Previous studies have well discussed the prognostic value of the increased cutoff age and the reclassification of T3 in TNM-8 [14,15,16,17,18]. However, there is still some concern about N1b changes in TNM-8. Due to “significant coding difficulties for tumor registrars, clinicians, and researchers”, levels VI and VII (upper mediastinal) lymph nodes were classified as central neck lymph nodes (N1a), whereas levels I–V lymph nodes were classified as lateral ones (N1b) [12, 19]. Our study demonstrates that the risk for DSM of level VII LNM matched or even exceeded that of levels I–V LNM, especially in older patients (age ≥ 55 years). Among Chinese patients aged ≥ 55 years, those with level VII LNM had significantly worse DSS than those with N0 and level VI LNM. Analysis of the SEER dataset for further validation showed that patients with level VII LNM had significantly worse survival than those with N0 and levels I–VI LNM, especially in older patients. To our knowledge, this is the first study to estimate the impact of level VII LNM on DSS using a Chinese patient cohort and the largest patient cohort available in the United States. Since the association between lymph node location and prognosis could be affected by the number and size of LN metastases, TNM-8 collapses N1a and N1b into a single N1 category when forming stage groupings [19]. However, there is significant evidence that the survival prognosis of patients with N1b is significantly worse than that of patients with N1a, and there is growing concern that the mortality risk for N1b patients is underestimated in the eighth edition TNM staging system [7, 10, 11, 20, 21]. Considering that patients with levels I–V LNM are classified into N1b in TNM-8, our study found that patients with N1b had significantly poorer DSS compared with those with N0 and level VI LNM. According to the effects on DSS, patients with levels I–V and level VII LNM should be categorized as the same risk stratification, compared with those with N0 and level VI LNM.

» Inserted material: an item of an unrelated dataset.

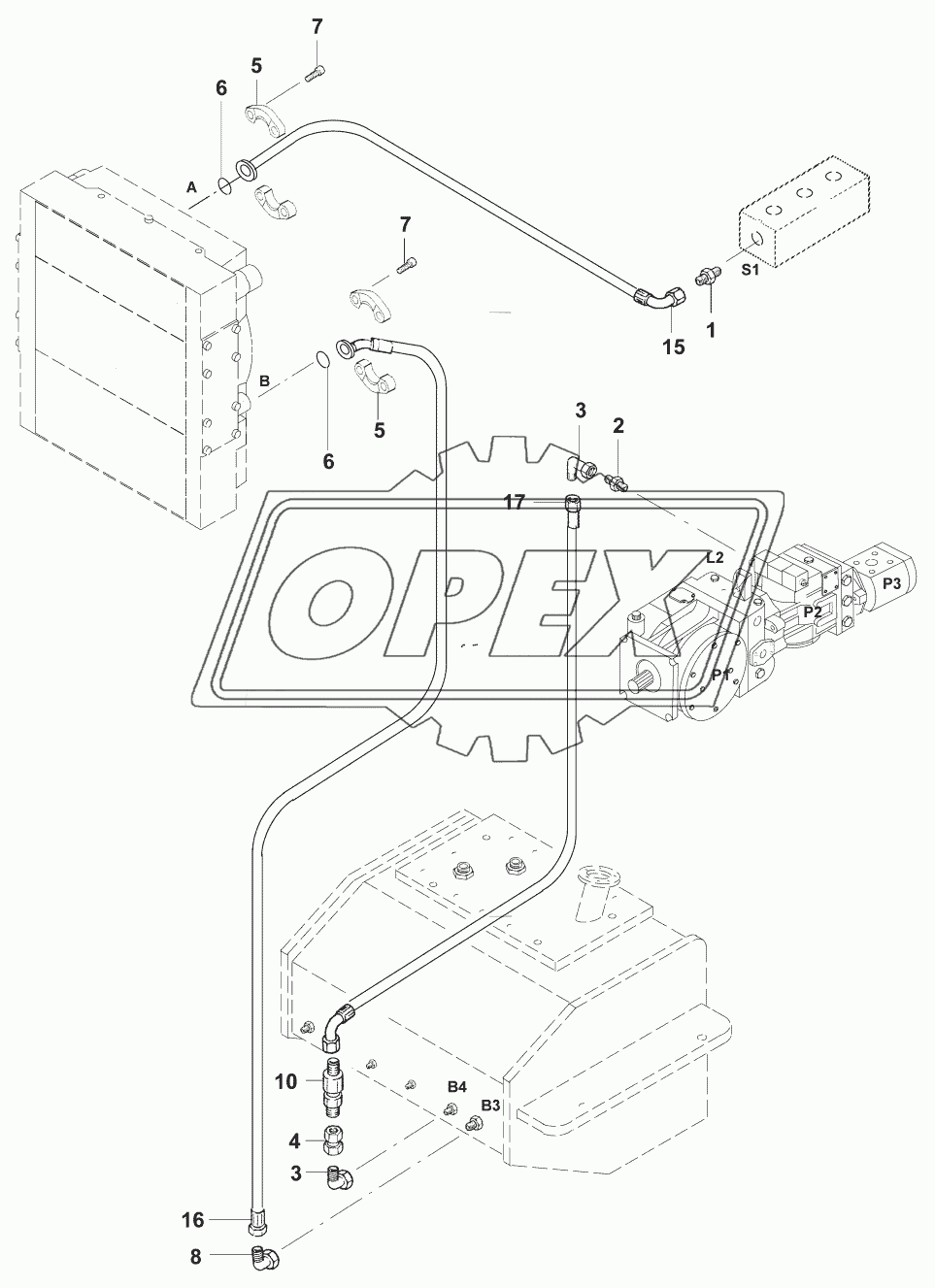 Трубопроводы охлаждения/Cooler line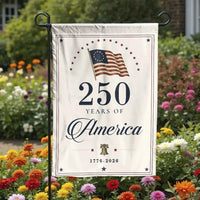 America 250th Anniversary Garden Flag | Patriotic USA 250 Years Semiquincentennial 1776-2026 | Double Sided Weather-Resistant Polyester | Commemorative July 4th Yard Decor Gift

In TNM-8, N1 disease in older patients is classified into stage II, resulting in management with various levels of aggression adopted for patients of the same stage. Kim et al. classified DTC patients with stage II in TNM-8 depending on whether or not levels I–V LNM occur, demonstrating that employing N1b could be more accurate for the prediction of DSS [11]. Our study also divided stage II patients into stage IIA and IIB, where stage IIB was defined as N1b patients aged ≥ 55 years. Distinct from the work of Kim, we reclassified both level VII and levels I–V LNM into N1b according to the prognostic implication of level VII LNM. Compared with TNM-8, the advantage of our modified stage system in predicting prognosis will be significant, considering with the high prevalence and increased incidence of DTC [22,23,24,25]. In addition, patients with stage IIB DTC undergo lateral lymph node dissection whereas those with stage IIA DTC undergo a more limited extent of thyroid surgery. Therefore, subclassification of patients with stage II DTC based on LNM will be helpful in both predicting disease mortality and establishing a treatment plan with precise selection of surgical extent.

This study has several limitations. First, the Chinese cohort was recruited from a single tertiary referral institution and was smaller than the populations in other studies. However, the outcomes of this study were based on a highly uniform group of patients with a relatively long follow-up and were confirmed by SEER data, and, therefore, have valuable implications in evaluating the prognostic value and changes in N1b of TNM-8 for DTC. Second, there is a possibility of coding errors, which exists in all large database studies. However, the probability of such errors is extremely low because SEER databases are standardized and highly audited.

Conclusion

In conclusion, our study shows that compared with TNM-7, TNM-8 has improved clinical usefulness with respect to predicting survival for a Chinese population of patients with DTC. However, the changes in lateral LNM definition and classification of TNM-8 have a significant prognostic implication in patients with DTC. Our study suggests that a modified TNM system including redefined N1b would be more useful for predicting mortality and determining proper management in patients with DTC.